A febre não é, portanto, uma doença, é um sinal e, como tal, deve ser respeitada. A ansiedade dos pais e a atitude de facilitismo dos médicos faz com que, muitas vezes, se medique demasiado a febre. Esta atitude comporta alguns riscos, faz perder um sinal precioso da evolução da doença e é, em muitos casos, desnecessária e ineficaz.
Como se faz a regulação da temperatura
A temperatura do corpo depende, tal como a temperatura nas nossas casas, de um equilíbrio entre a produção e a perda de calor, o que permite mantê-la dentro dos limites desejados, apesar das grandes variações térmicas a que o organismo está sujeito.
Existe uma produção de calor obrigatória para nos manter vivos, a qual é produzida pelas células, independentemente da nossa vontade, e está associada às atividades do dia-a-dia, principalmente à actividade dos músculos – é por isso que o nosso corpo está, em média, a 37ºC. Os músculos são grandes produtores de calor: basta fazer um pouco de exercício – correr, abrir e fechar os braços repetidamente, etc. – para ficarmos cheios de calor.
A regulação da temperatura é feita no cérebro, num órgão chamado hipotálamo. Este tem um centro da temperatura, constituído por uma região sensível à temperatura, em tudo semelhante a um termostato, uma região reguladora (chamada ponto de fixação) e regiões que atuam (áreas de ganho e perda de calor). A primeira é comparável a um computador que recebe informações constantes de diversos pontos do organismo – sangue, pele, órgãos internos – as codifica e “diz” se há necessidade de aumentar, diminuir ou manter a produção de temperatura. Da mesma forma, este centro atua sobre o chamado “ponto de fixação”, onde é fixada a temperatura desejada – normalmente cerca de 37ºC axilar (equivalente a cerca de 38ºC rectal). É como se o hipotálamo fosse uma pessoa que tem como missão dizer se a temperatura de uma sala deve ser esta ou aquela, e o ponto de fixação fosse o ponteiro que se movimenta para marcar a temperatura desejada.
Como surge a febre
Imaginem uma sala com ar condicionado e um termostato.

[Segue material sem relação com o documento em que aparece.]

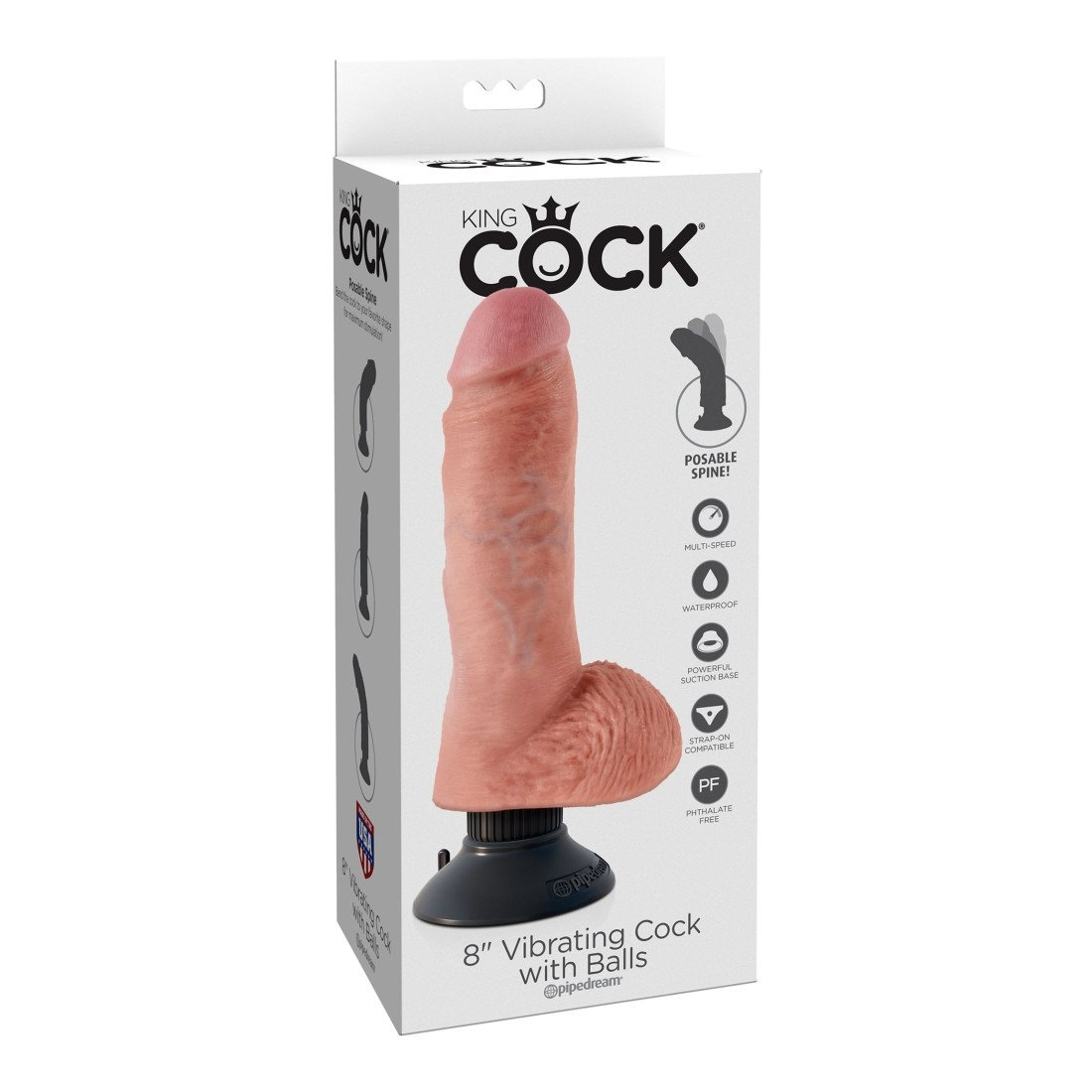 Vibruojantis falo imitatorius „King COCK with balls Nr. 8“ - King COCK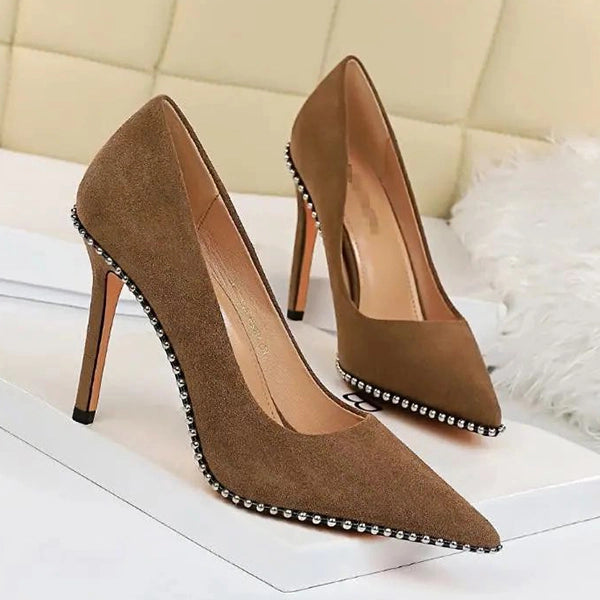 Khaki Suede Beaded Slip-On Pointed Heels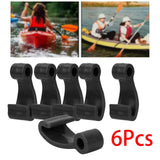 Maxbell 6Pcs Kayak Lashing Hooks J Hooks Fishing Raft Bungee Shock Cords Hooks Black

Se na sala estiverem por exemplo 18ºC e rodarem o termostato para 22ºC, o aparelho de ar condicionado começa a produzir calor. É a função dele!
Do mesmo modo, no corpo da criança, quando há uma infeção, são os micróbios que “mexem” no ponto de fixação do hipotálamo e “marcam” uma temperatura acima dos valores normais. Perante esta exigência – supondo, por exemplo, que a temperatura exigida era 39ºC – o centro de ganho de calor vai ser ativado e a criança fica com os músculos mais rígidos, tem calafrios (abalos musculares que podem simular convulsão), pele branca, não transpira, queixa-se de frio e procura agasalhar-se – parece que está num dia frio de Inverno – tem FEBRE! Só quando a temperatura sobe até ao ponto exigido – 39ºC neste exemplo – é que os mecanismos param e a criança sente-se melhor – quente, mas melhor.
Pelo contrário, no caso de hipertermia, ou seja, quando há excesso de calor ambiental, por exemplo, o hipotálamo está normal, ninguém lhe “mexeu”, pelo que vai exigir do organismo a perda desse calor que não provém das suas “ordens”, mas sim de fatores externos: a criança fica “encarnada”, transpira, não tem calafrios, queixa-se de calor e procura despir-se – parece que está num dia quente de verão.